Republican presidential candidate Dr. Ben Carson offered the solution this weekend to how the United States could have caught Osama bin Laden a lot sooner than it did. If only President George W. Bush had decided to stop using foreign oil, moderate Arab countries would have turned over bin Laden, Carson said Sunday on ABC’s “This Week.”

"I think they would have been extremely concerned if we had declared -- and we were serious about it -- that we were going to become petroleum independent, because it would have had a major impact on their finances," Carson said in an interview with George Stephanopoulos. "And I think that probably would have trumped any loyalty that they had to people like Osama bin Laden."

Stephanopoulos pushed back against the idea that Middle Eastern countries had any loyalty to bin Laden, reminding Carson that Saudi Arabia had expelled him.
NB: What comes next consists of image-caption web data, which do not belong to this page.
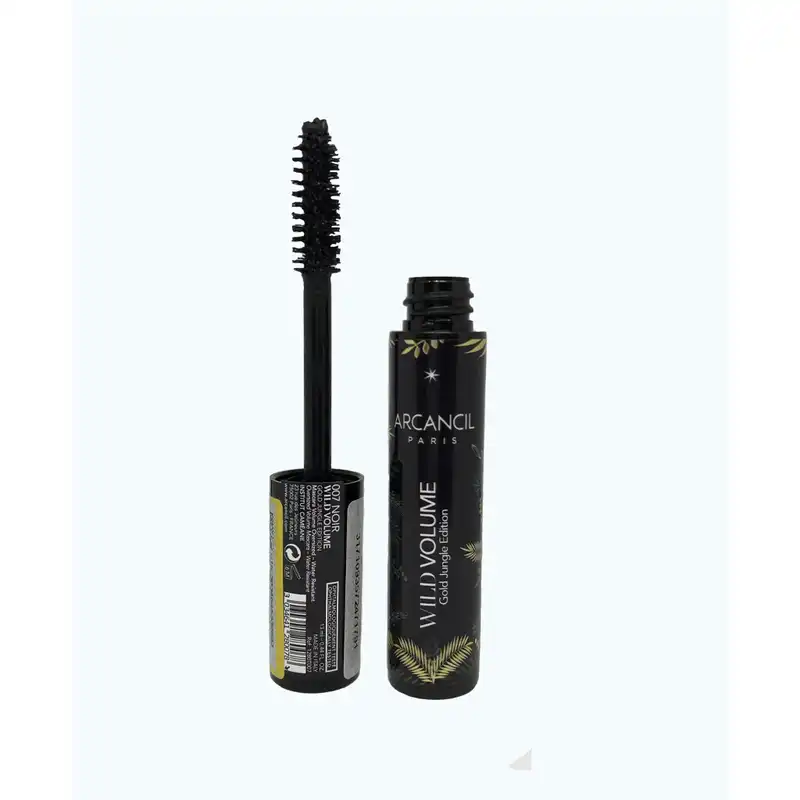 ریمل آرکانسیل مدل gold jungle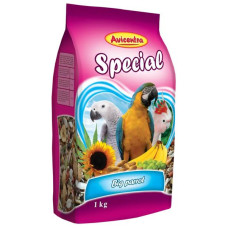 Avicentra Speciál velký papagáj 1kg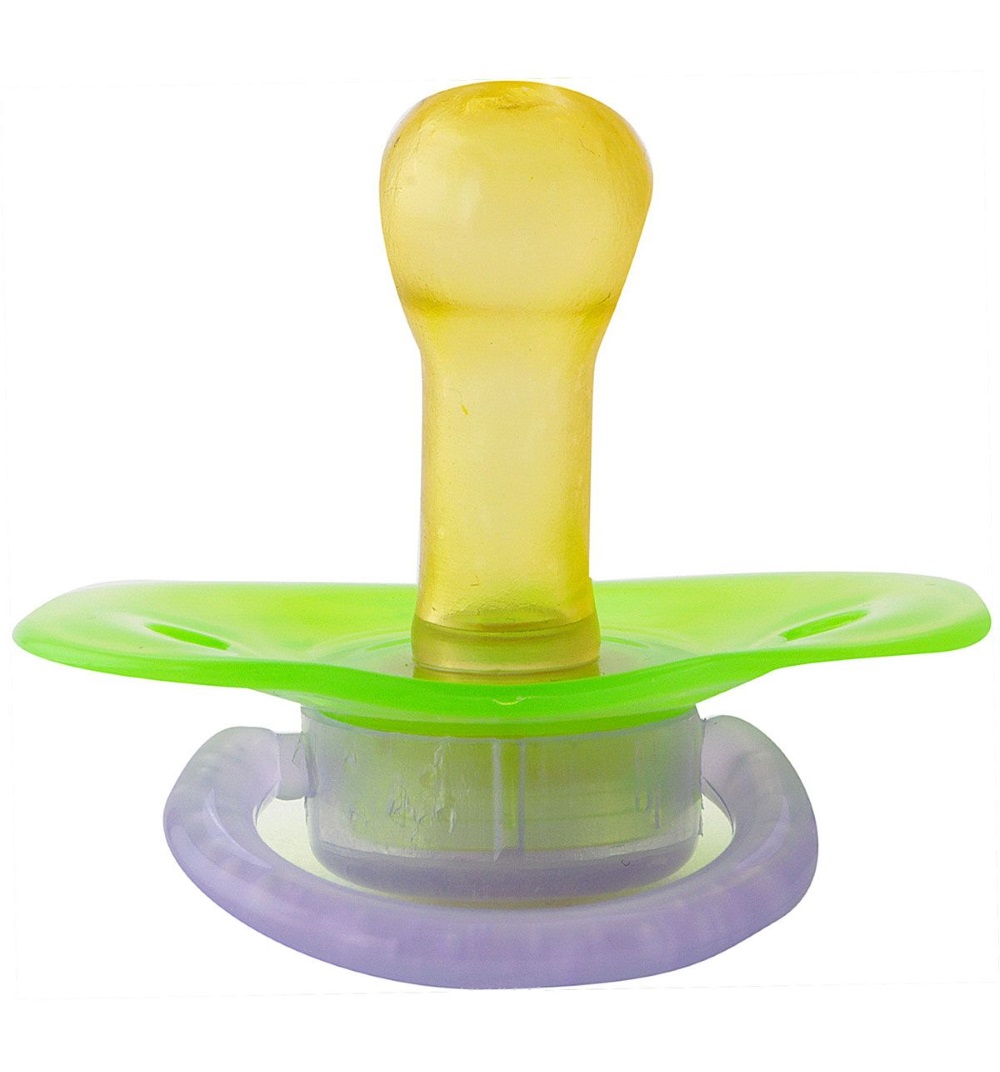 Как выбрать соску для новорождённого ребенка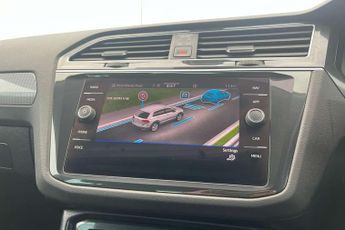 Volkswagen Tiguan 1.5 TSI 150 Life 5dr DSG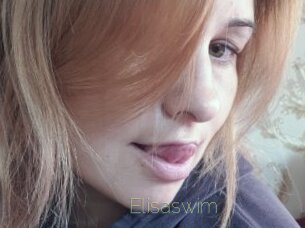 Elisaswim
But that did not seem to deter the neurosurgeon-turned-politician.

"Well, you may not think that they had any loyalty to him, but I believe otherwise," Carson said.

"I think they would have known where he was," Carson added. "You know, there were indications, for instance, during the Clinton administration that -- that they knew exactly where he was but didn't necessarily pull the trigger. If we could tell where he was, I'm certain that they knew where he was."

Carson’s remarks repeated an idea he brought up during the second Republican presidential debate last month, when he said that if Bush had announced a plan to end reliance on oil from the Persian Gulf “within five to 10 years,” that would have sparked cooperation from moderate Arab states in two weeks.

After Carson’s comments about the Clinton administration, Stephanopoulos questioned Carson again. "But at that point, we had some idea, but we didn't know for sure. I simply don't understand how you think this would have worked," he said.

Carson responded by talking about Iraq.

"Well here's the point -- here's my point. My point is, we had other ways that we could have done things. I personally don't believe that invading Iraq was an existential threat to us. I don't think Saddam Hussein was an existential threat to us. It's a very different situation right now. Now, we have global jihadists who want to destroy us and our way of life," Carson said.

Stephanopoulos pointed out that he had been asking about Afghanistan, which had been harboring bin Laden, but Carson said that was not his focus. The presidential candidate has been questioned before about claims he has made regarding global history. Politifact, for example, punctured Carson’s comments earlier this month that the Palestinian leader Mahmoud Abbas knew Iran’s Ayatollah Khamenei and Russian president Vladimir Putin in 1968 in Moscow.

Carson’s conversation also comes as fellow GOP candidates Jeb Bush and Donald Trump have been battling it out over Trump’s remarks that Bush’s brother, President George w. Bush, should take some blame for the Sept. 11, 2001, attacks.